Ницшеанские размышления. Очерки по философии маргинальности | страница 33
Мы сталкиваемся здесь с очередным противоречием в философском дискурсе Ницше. Дионисийское начало мыслится философом именно как трансгрессивный феномен по существу: «уничтожение обычных пределов и границ существования».[105] («Vernichtung der gewohnlichen Schranken und Grenzen des Daseins»).[106] И одновременно Ницше – противник опьянения, поборник трезвости: «Беспокойство ума, которое мне доставляет вино – хотя бы в количестве одной столовой ложки, – невыносимо для меня».[107] Отношение Ницше к Дионису не столь просто однозначно, как хотелось бы всем тем, кто спешит зачислить мыслителя в лагерь неистовствующих «дионисистов». Можно было вместе с Вяч.
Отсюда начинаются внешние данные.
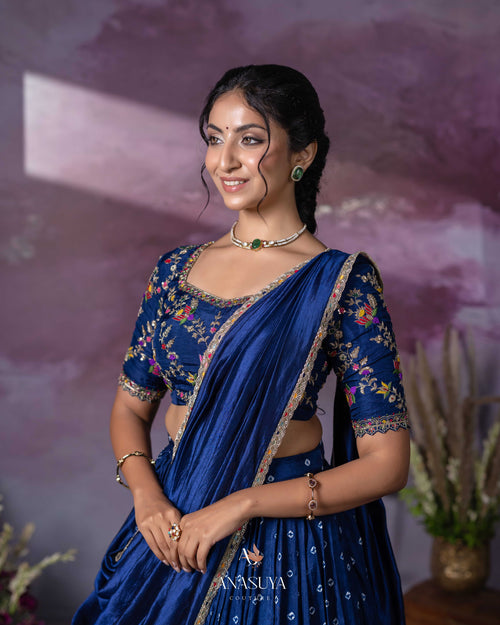 Bandhini Paithani Fusion Lehenga Set – Royal Blue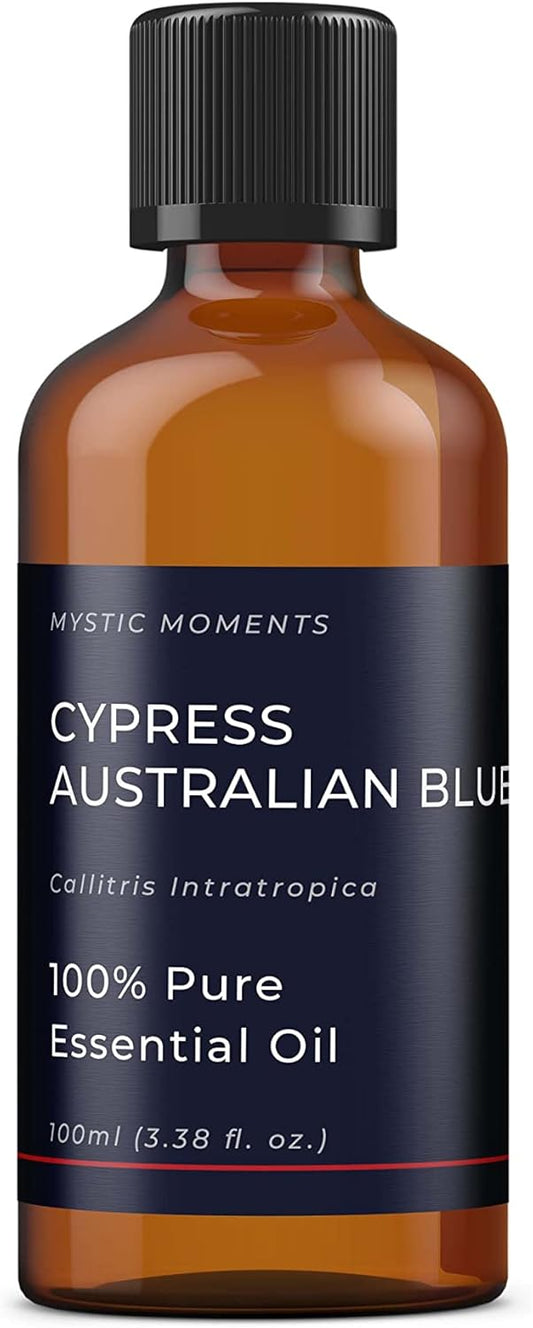 Mystic Moments | Cypress Australian Blue Essential Oil 100ml - Pure & Natural Oil for Diffusers, Aromatherapy & Massage Blends Vegan GMO Free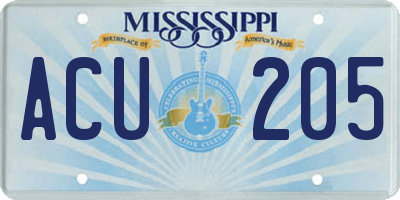 MS license plate ACU205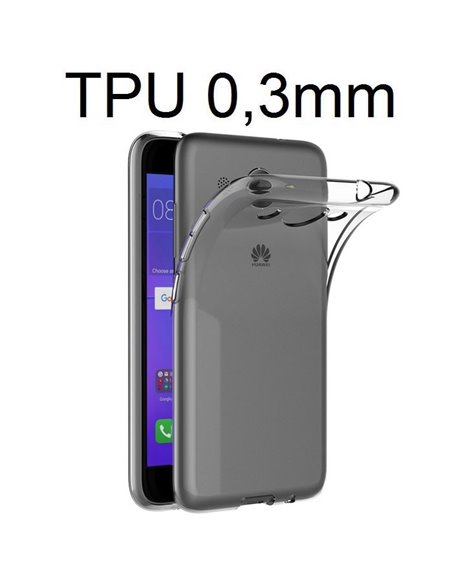 CUSTODIA per HUAWEI Y3 2018, Y3 2017 IN GEL TPU SILICONE ULTRA SLIM 0,3mm TRASPARENTE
Ивановым признать, что Ницше отрекся от Диониса: «Ницше увидел Диониса – и отшатнулся от Диониса, как Фауст отвращается от воссиявшего светила, чтобы любоваться на его отражение в радугах водопада. Творческая вина Ницше в том, что он не уверовал в бога, которого сам открыл миру».[108]Однако в действительности Ницше никогда и не был последователем бога Диониса, вопреки расхожим представлениям на этот счет. Путь, который был намечен Ницше еще в «Рождении трагедии», заключается отнюдь не в растворении в дионисийском потоке, но в творческом оформлении стихийных сил.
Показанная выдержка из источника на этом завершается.